“And his throne will be upheld by justice”: The Concept of Righteous Ruling in Early Ireland (“И престол его утвердится Правдою”: Концепция «праведного правления» в древней Ирла


Maxim Fomin
Ulster University

Abstract

The article describes the concept of righteous ruling survived in the early Irish wisdom-literature. Mainly concerned with such texts as De duodecim abusivis saeculi, Audacht Moraind, and Tecosca Cormaic, the good deal of attention is devoted to the concept of iustitia regis and fír(inne) flathemon. Being the central principle of the wisdom-texts genre, its descriptions represent an elaborate exposition of the characteristics of a righteous ruler. The author focuses on such topics as the creative consequences of the just ruling and the destructive consequences of the unjust one, both in Hiberno-Latin and in Early Irish sources. The ethical notions pertinent to the texts of the genre are also dealt with.
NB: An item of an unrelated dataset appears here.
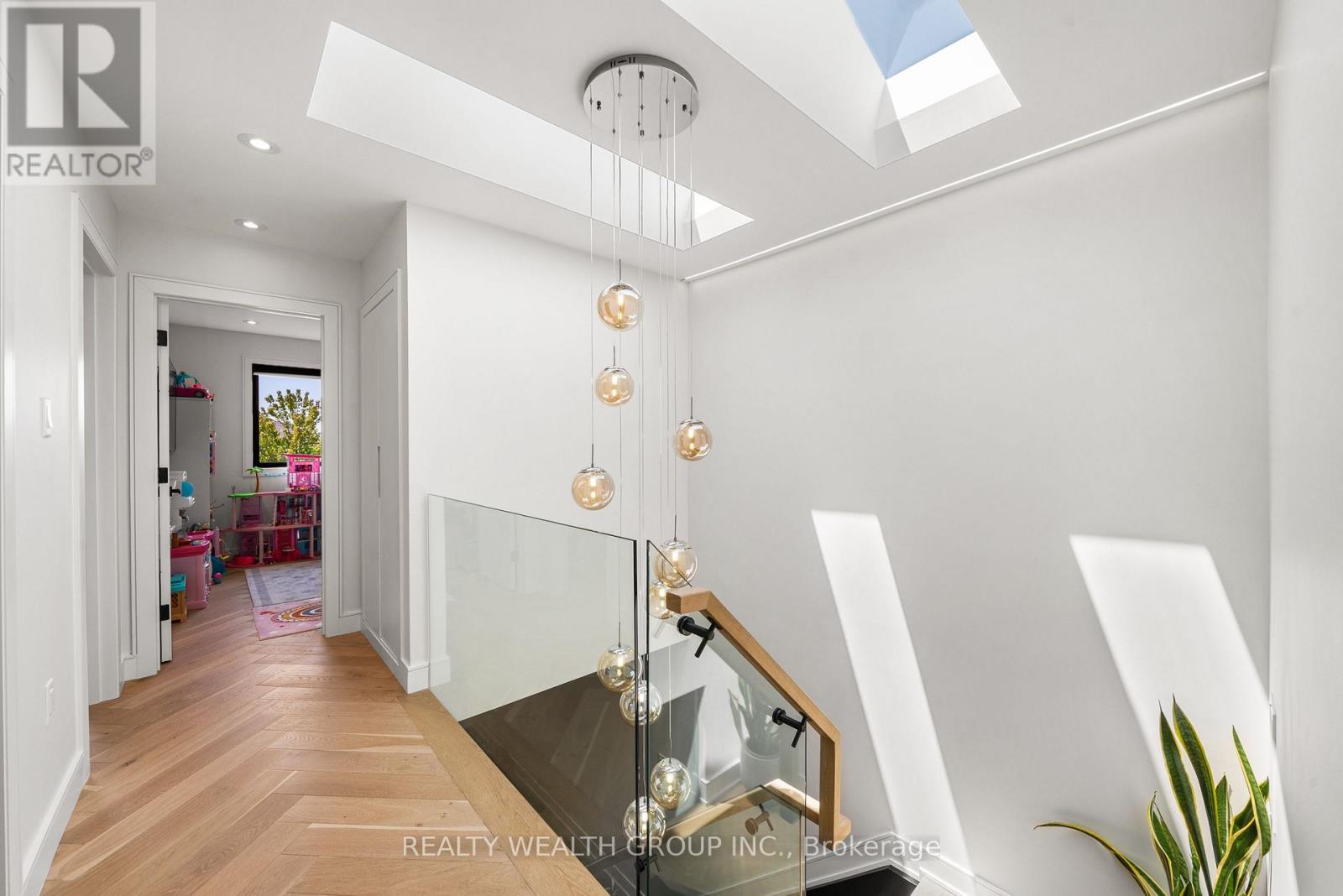 83 GOVERNOR CRESCENT - 25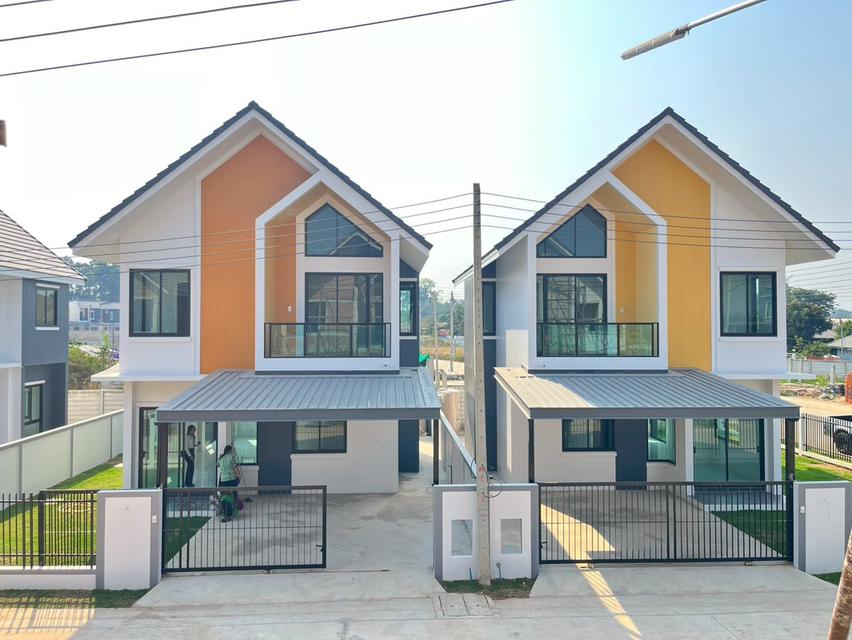 บ้านแฝดสองชั้น ทำเลห้วยวังนอง โครงการบ้านศิริทรัพย์ 1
They are not necessarily Christian, although the modern scholarship tends to connect the “righteous ruler” concept exclusively to the Christian morality.  Drawing to the conclusion, the author brings some light on the problem of the concept’s origin and its genesis, its Christian editing and its synthetic (native Irish-cum-Christian) character. The final passages are devoted to the fate of the concept of the righteous ruler developed by the Irish clerical scribes in the works of the authors of the Carolingian Europe and those of the early medieval Kiev Rus. The analogies and ideas outlined were not necessarily borrowed from the common source: their provenance in the sources, such as The Life of Charles the Great by Einhardt and The Instruction by Vladimir the Monomachus, may obtain a cultural typological character.